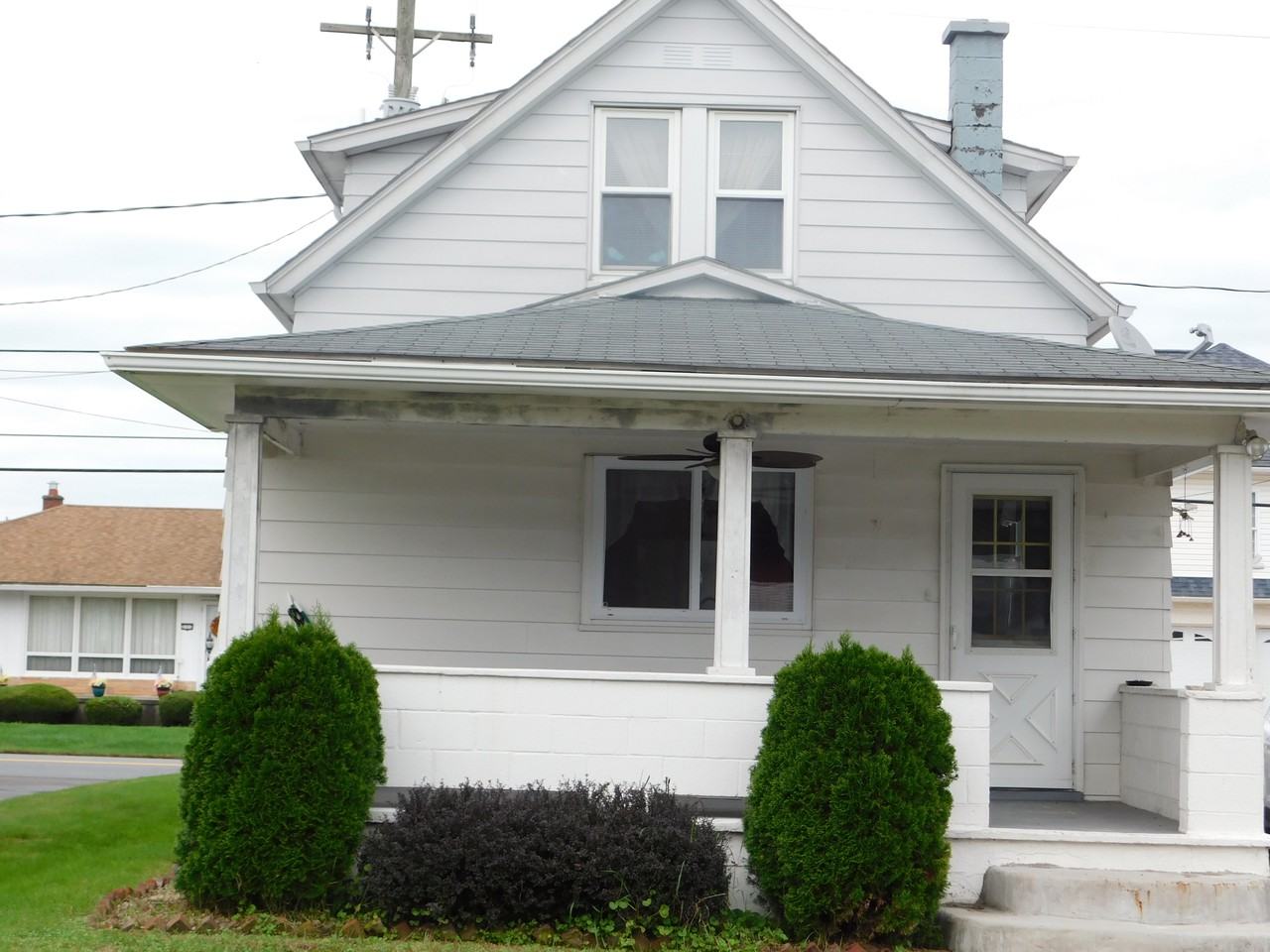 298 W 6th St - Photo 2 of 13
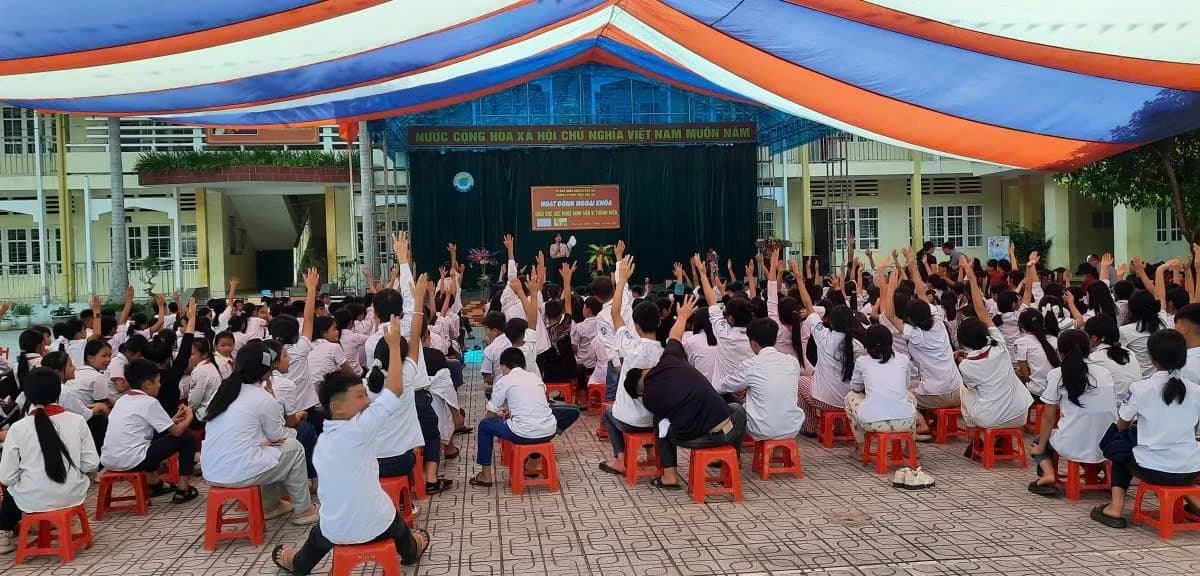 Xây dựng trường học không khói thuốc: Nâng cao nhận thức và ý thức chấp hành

==

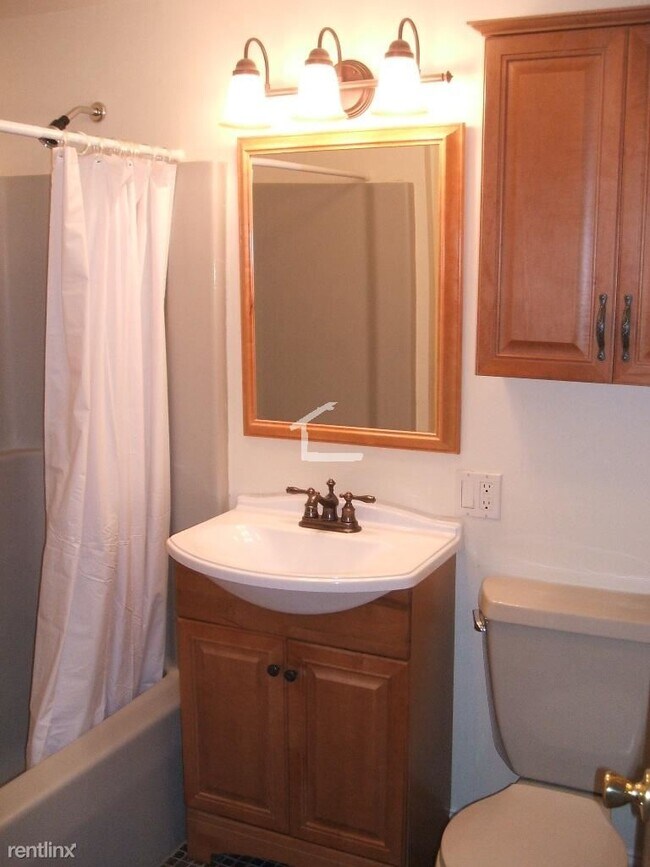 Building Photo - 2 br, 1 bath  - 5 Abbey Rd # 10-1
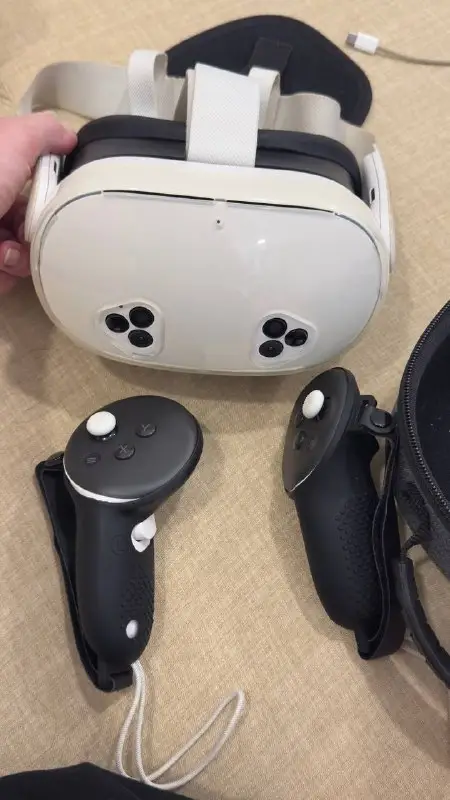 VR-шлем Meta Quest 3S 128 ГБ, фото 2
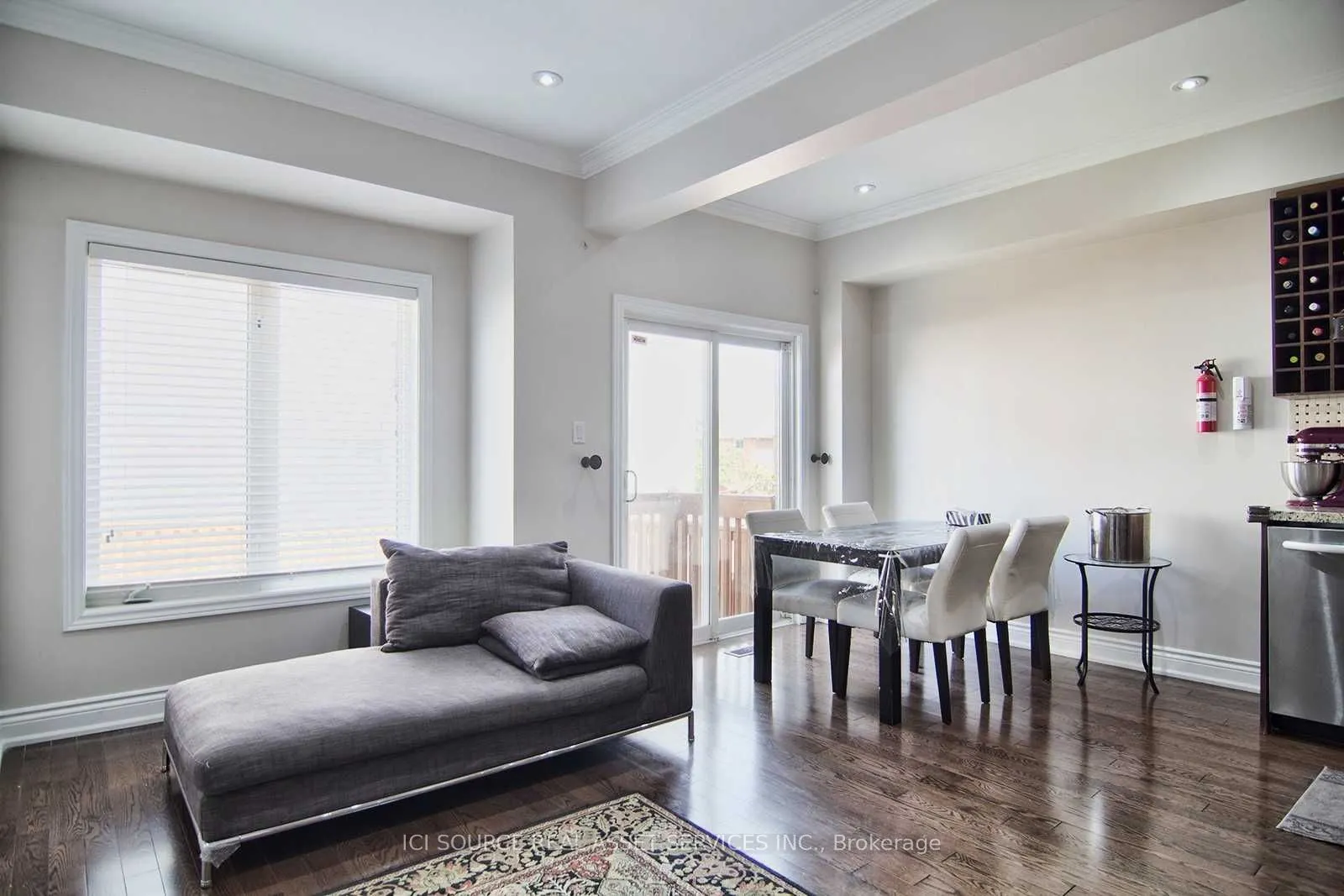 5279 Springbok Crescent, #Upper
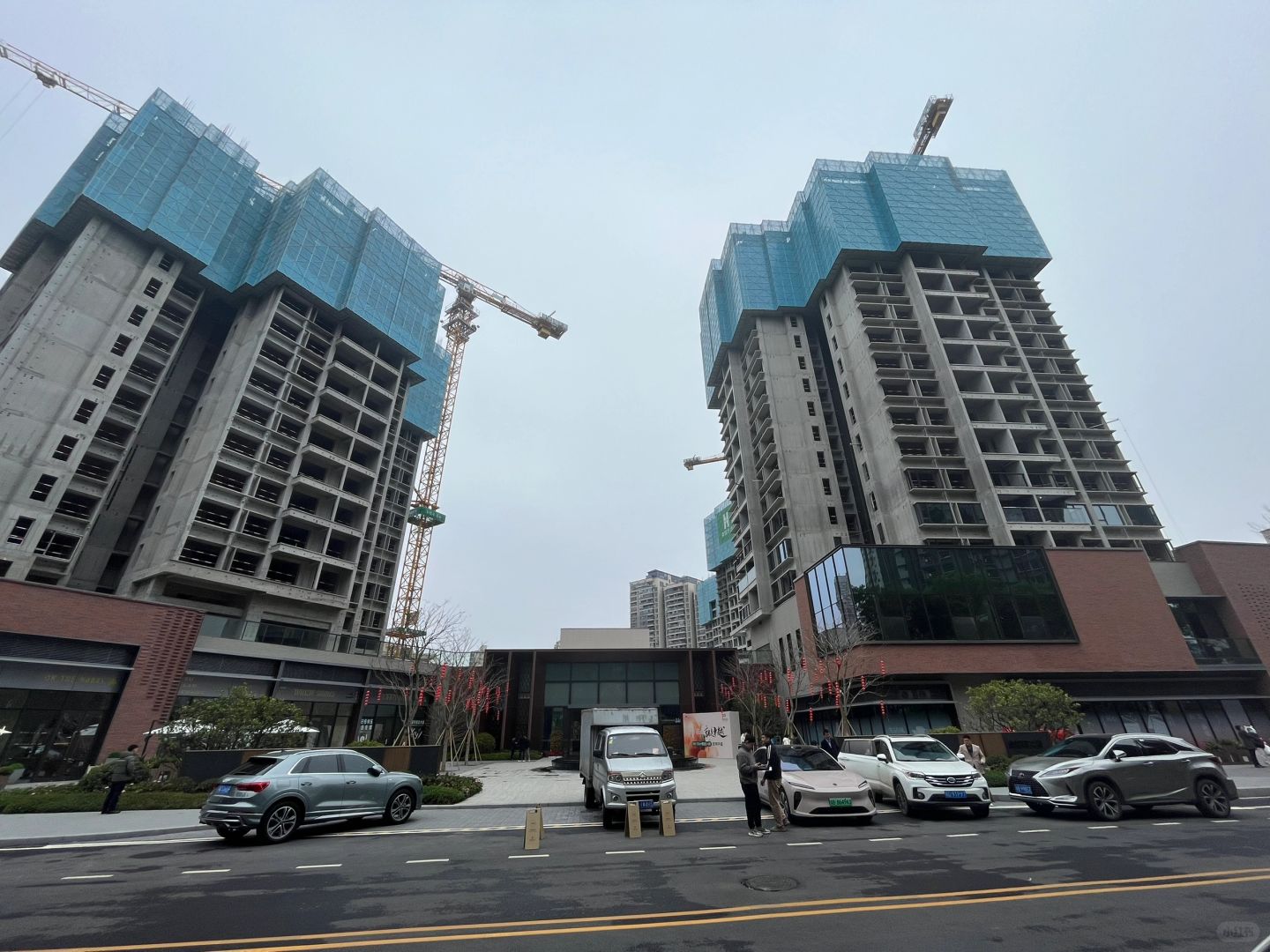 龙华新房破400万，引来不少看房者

** Exercise instructions **
In the entries above, find the line that contains "298 W 6th St - Photo 2 of 13" and the line that contains "Xây dựng trường". Reproduce exactly those two lines and every line between them, but not the pictures.

** Result of the exercise **
 298 W 6th St - Photo 2 of 13
 Xây dựng trường học không khói thuốc: Nâng cao nhận thức và ý thức chấp hành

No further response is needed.